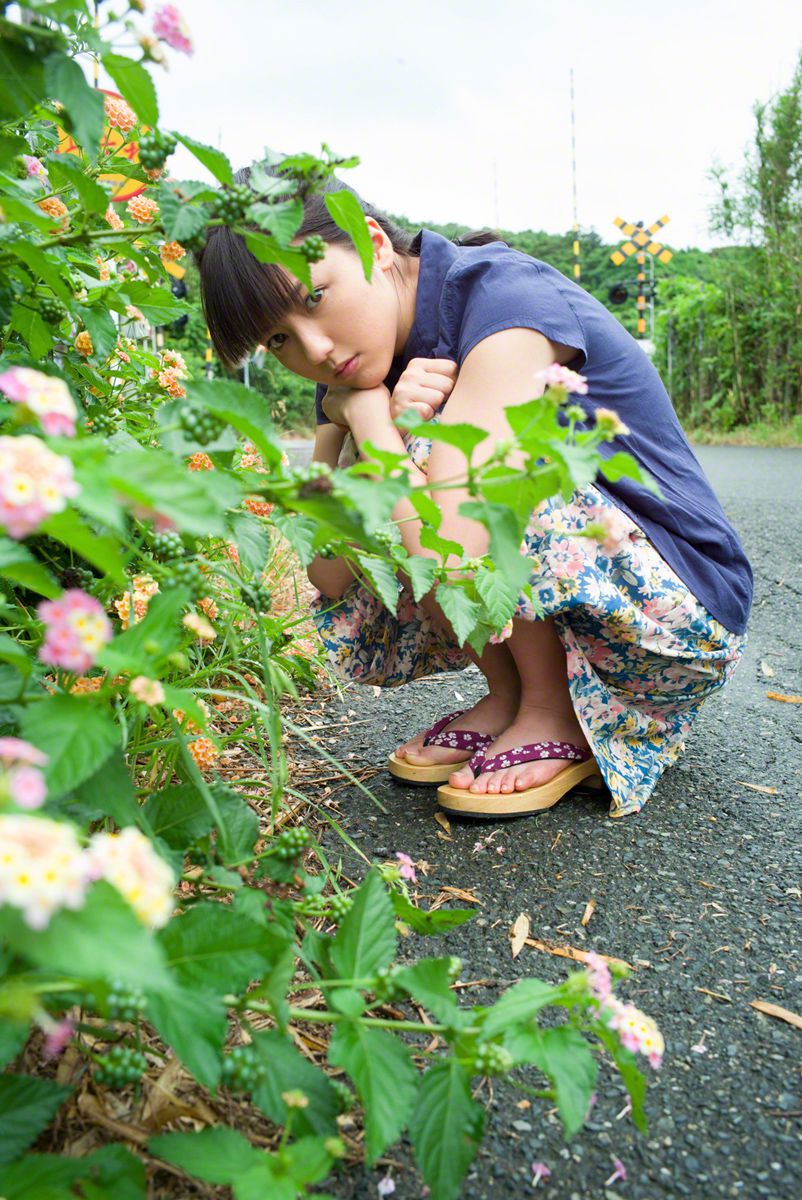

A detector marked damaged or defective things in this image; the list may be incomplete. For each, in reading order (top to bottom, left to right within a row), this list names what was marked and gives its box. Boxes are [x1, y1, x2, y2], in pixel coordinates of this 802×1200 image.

cracked asphalt [309, 446, 802, 1195]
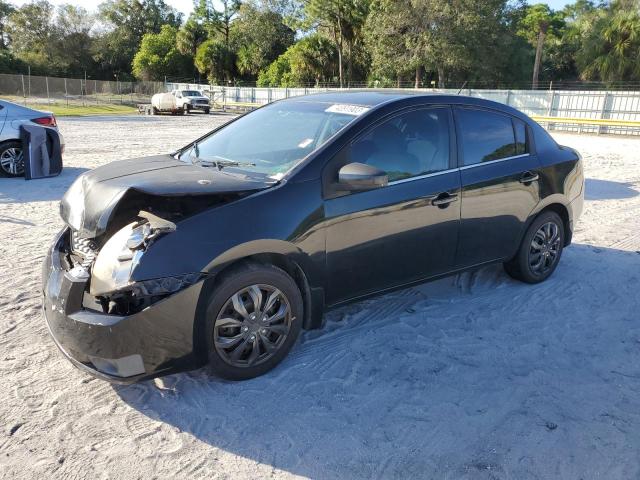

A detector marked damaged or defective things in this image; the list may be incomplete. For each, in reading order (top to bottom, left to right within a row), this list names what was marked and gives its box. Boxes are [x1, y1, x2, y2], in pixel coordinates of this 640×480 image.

crushed front end [42, 220, 205, 382]
crumpled hood [60, 155, 278, 237]
damaged black sedan [42, 91, 584, 382]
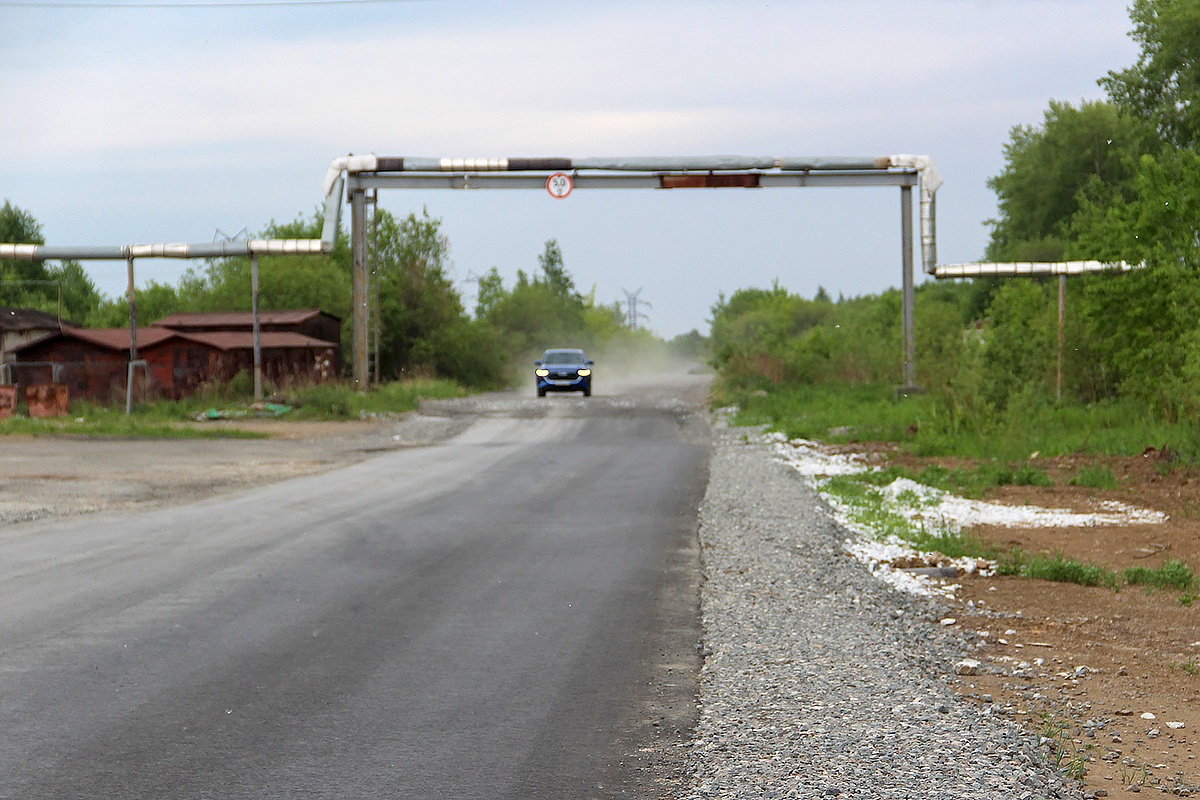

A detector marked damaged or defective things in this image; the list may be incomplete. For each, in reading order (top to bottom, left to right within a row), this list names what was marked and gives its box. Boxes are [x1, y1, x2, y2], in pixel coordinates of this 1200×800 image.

rusty pipe section [0, 237, 328, 262]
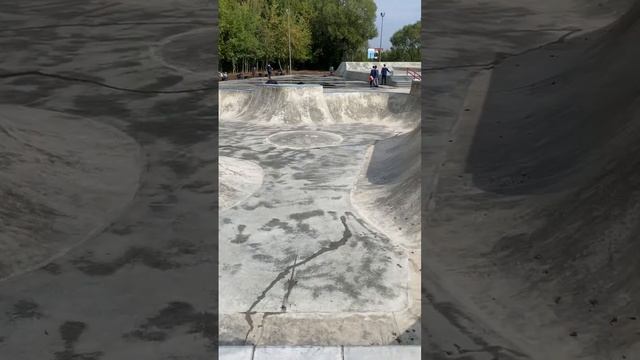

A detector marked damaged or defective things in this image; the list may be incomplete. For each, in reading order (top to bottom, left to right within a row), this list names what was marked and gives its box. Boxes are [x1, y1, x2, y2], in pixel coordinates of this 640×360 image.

crack in concrete [424, 29, 580, 73]
crack in concrete [0, 70, 215, 93]
crack in concrete [242, 215, 352, 344]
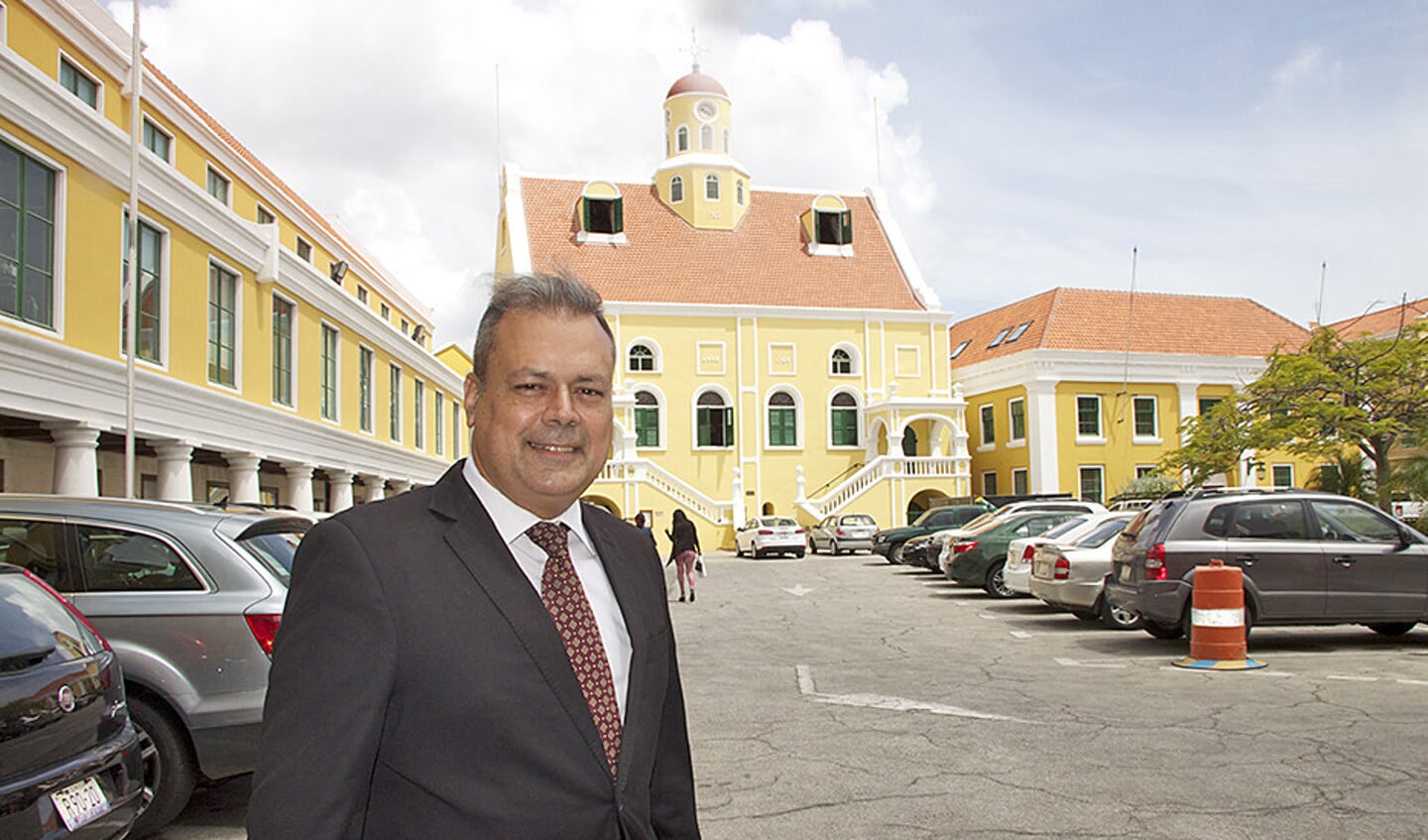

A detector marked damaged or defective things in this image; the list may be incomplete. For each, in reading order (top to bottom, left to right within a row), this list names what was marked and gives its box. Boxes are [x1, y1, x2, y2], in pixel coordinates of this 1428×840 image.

cracked asphalt [153, 551, 1428, 834]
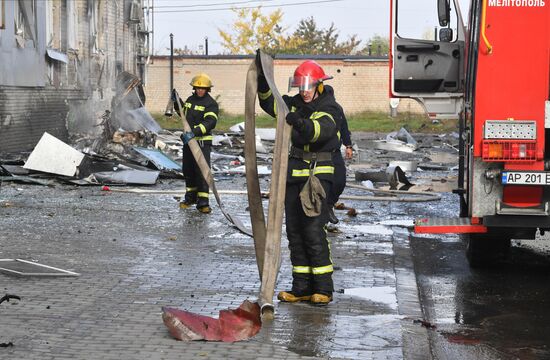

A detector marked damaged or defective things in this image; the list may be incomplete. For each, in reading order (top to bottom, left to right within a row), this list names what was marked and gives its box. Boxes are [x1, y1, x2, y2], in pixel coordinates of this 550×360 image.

broken window [14, 0, 37, 47]
damaged building facade [0, 0, 151, 153]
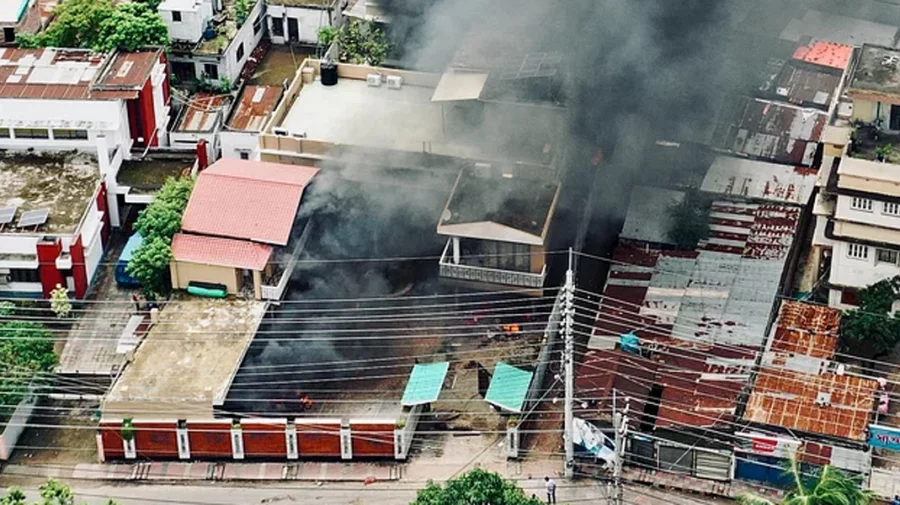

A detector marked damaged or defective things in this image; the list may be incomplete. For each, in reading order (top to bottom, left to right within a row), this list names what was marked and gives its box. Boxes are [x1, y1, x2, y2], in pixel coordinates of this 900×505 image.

burned roof [0, 47, 156, 101]
burned roof [225, 85, 282, 131]
burned roof [712, 94, 828, 165]
burned roof [848, 43, 900, 99]
burned roof [438, 167, 560, 244]
burned roof [596, 200, 800, 346]
burned roof [744, 366, 880, 440]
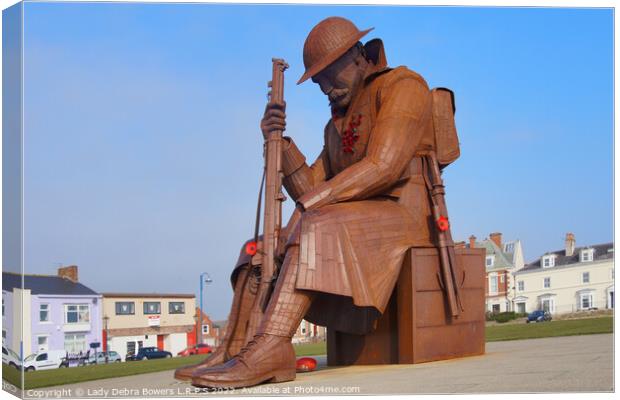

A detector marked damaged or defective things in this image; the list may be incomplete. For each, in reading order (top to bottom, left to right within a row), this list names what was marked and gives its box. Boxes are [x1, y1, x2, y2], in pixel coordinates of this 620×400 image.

large rusted steel statue [176, 15, 484, 388]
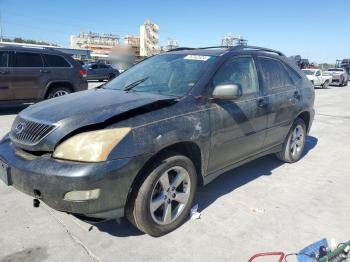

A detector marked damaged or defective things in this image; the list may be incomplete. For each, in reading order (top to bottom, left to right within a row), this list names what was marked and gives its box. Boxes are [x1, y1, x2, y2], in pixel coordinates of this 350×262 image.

front bumper damage [0, 139, 149, 219]
broken headlight [53, 127, 131, 162]
crumpled front hood [12, 88, 176, 151]
damaged lexus rx [0, 46, 316, 236]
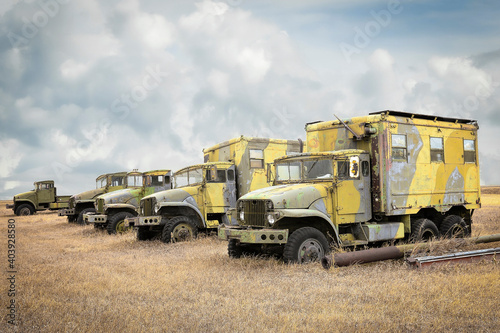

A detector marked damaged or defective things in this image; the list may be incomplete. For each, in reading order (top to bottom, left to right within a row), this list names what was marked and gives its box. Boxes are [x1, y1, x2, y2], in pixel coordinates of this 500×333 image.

rusty pipe [320, 232, 500, 268]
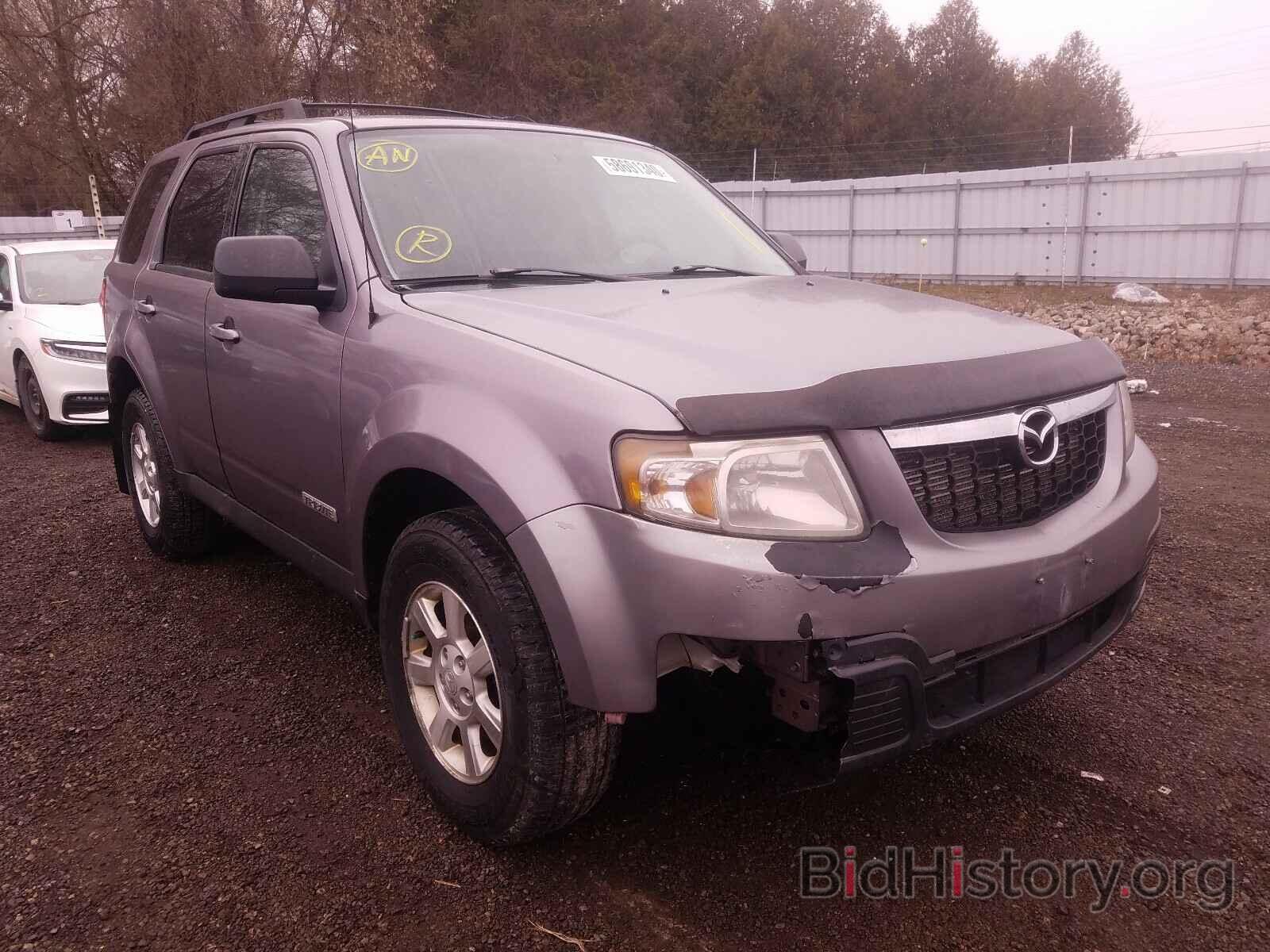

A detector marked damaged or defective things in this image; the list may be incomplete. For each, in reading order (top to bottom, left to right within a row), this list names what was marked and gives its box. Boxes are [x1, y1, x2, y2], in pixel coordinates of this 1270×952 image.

damaged front bumper [505, 432, 1162, 714]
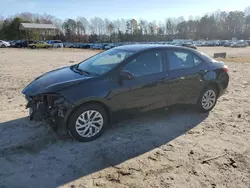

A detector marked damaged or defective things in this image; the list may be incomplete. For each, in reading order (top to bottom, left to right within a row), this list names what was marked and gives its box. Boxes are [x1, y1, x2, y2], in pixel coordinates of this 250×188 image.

damaged front bumper [24, 93, 74, 130]
crumpled front end [24, 93, 74, 130]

+--

Each line from the one containing "this 250×188 image." down to the final line of the listing must appear in the answer exactly as written, and no other line may.

A detector marked damaged or defective things in this image; the list may be incomplete. For each, in reading order (top to bottom, left to right within a row), this list names what was marked and gives its box. Boxes are [x1, y1, x2, y2], in pixel coordinates of this 250×188 image.

damaged front bumper [24, 93, 74, 130]
crumpled front end [24, 93, 74, 130]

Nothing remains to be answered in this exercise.